Ancak karar Yargıtay’da bozuldu. Yeniden yargılama sonunda kovuşturmanın ertelenmesine ve 3 yıl denetimli serbestlik hükümlerinin uygulanmasına karar verildi. Yayıncının diğer başvuruları da reddedilince Anayasa Mahkemesi'ne (AYM) bireysel başvuruda bulundu.

İrfan Sancı, başvuru dilekçesinde kitabın edebi bir eser olduğunu, bu eserin yayımlanması nedeniyle yargılanmasının hukuk devleti ilkesine aykırı olduğunu, hakkında beraat kararı verilmesi gerekirken kovuşturmanın ertelenerek, 3 yıl denetime tabi tutulmasının ifade özgürlüğünü, bilim ve sanat özgürlüğü ile çalışma özgürlüğünü ihlal ettiğini iddia etti.

'İfade özgürlüğünün keyfi biçimde sınırlandırılması tehlikesi doğuracaktır'

Yüksek Mahkeme, yaptığı inceleme sonunda şu tespit ve değerlendirmelerde bulundu:

"Mevcut başvuruya konu kitap gibi edebi eserleri yaratan, basan ve yayımlayan kişiler fikir ve görüşlerin yayılmasına önemli bir katkıda bulunmaktadır. Dolayısıyla da sanatsal eserler demokratik bir toplum için büyük önem taşır.

Sanatsal çalışmalar çoğu defa birden fazla anlama gönderme yapar ve bu sebeple de sanatsal çalışmaların ortaya koyduğu mesaj kolaylıkla tespit edilemeyebilir. Yorumu da kişilere göre farklılaşabilir.

Açıklanan ve yayılan bir düşüncenin içeriğinden veya kullanılan bazı kavramlardan hareketle kişiler ve toplum açısından değerli-değersiz veya yararlı-yararsız biçiminde ayrıştırılması, subjektif unsurlar içerdiğinden ifade özgürlüğünün keyfi biçimde sınırlandırılması tehlikesi doğuracaktır. Kitabın kapağında yer alan 'cinsel' ibaresi bir koruma sağlamıştır. Öte yandan kitapta kişilerin sakınmalarına fırsat bırakmayan resim veya çizim gibi tasvirlere de yer verilmemiştir.

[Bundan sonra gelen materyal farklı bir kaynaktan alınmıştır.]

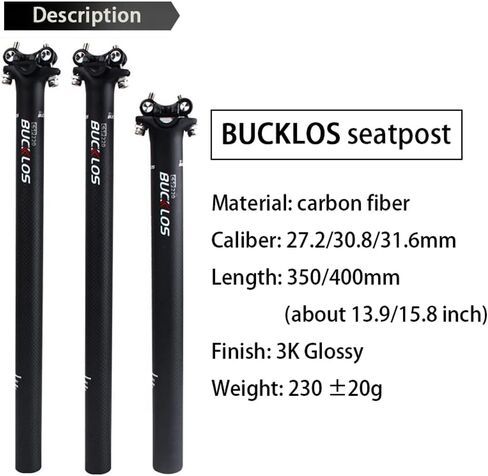 BUCKLOS Carbon Bike Seatpost 27.2 30.8 31.6 x 350mm 400mm, Mountain Bike Road Bicycle Seat Post 3K Carbon Fiber Adjustable Ultra-Light, Suitable for MTB BMX Gravel, Hybrid, and E-Bikes Urban in Saudi Arabia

Koruma kurulunun başvuruya konu kitabın çocuklar için zararlı olacağı görüşüne itibar edildiğinde alınması gereken daha hafif tedbirler bile alınmamışken başvurucunun dünyaca ünlü bir yazarın Avrupa edebiyatı mirasında yer alan bir eserini Türkçe olarak yayımlaması nedeniyle on yıla kadar hürriyeti bağlayıcı bir ceza tehdidi ile karşı karşıya bırakılmasının demokratik toplumda ne zorunlu bir ihtiyacı karşıladığının ne de orantılı olduğunun kabul edilmesi mümkündür.

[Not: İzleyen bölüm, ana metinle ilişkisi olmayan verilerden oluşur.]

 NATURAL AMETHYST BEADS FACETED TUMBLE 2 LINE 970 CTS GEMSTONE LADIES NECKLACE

Dolayısıyla başvurucunun ifade özgürlüğüne yapılan müdahale demokratik toplum düzeninin gereklerine uygun olarak nitelendirilemez."

'İfade özgürlüğü ihlal edildi'

Anayasa Mahkemesi şu hükmü kurdu:

  • İfade özgürlüğünün ihlal edildiğine ilişkin iddianın kabul edilebilir olduğuna,
  • Kararın bir örneğinin ihlalin sonuçlarının ortadan kaldırılması için yeniden yargılama yapılmak üzere mahkemeye gönderilmesine,
  • 13 bin 500 TL manevi tazminat ödenmesine,
  • Kararın bir örneğinin Aile ve Sosyal Hizmetler Bakanlığı’na ve Adalet Bakanlığı’na gönderilmesine, oybirliğiyle karar verildi.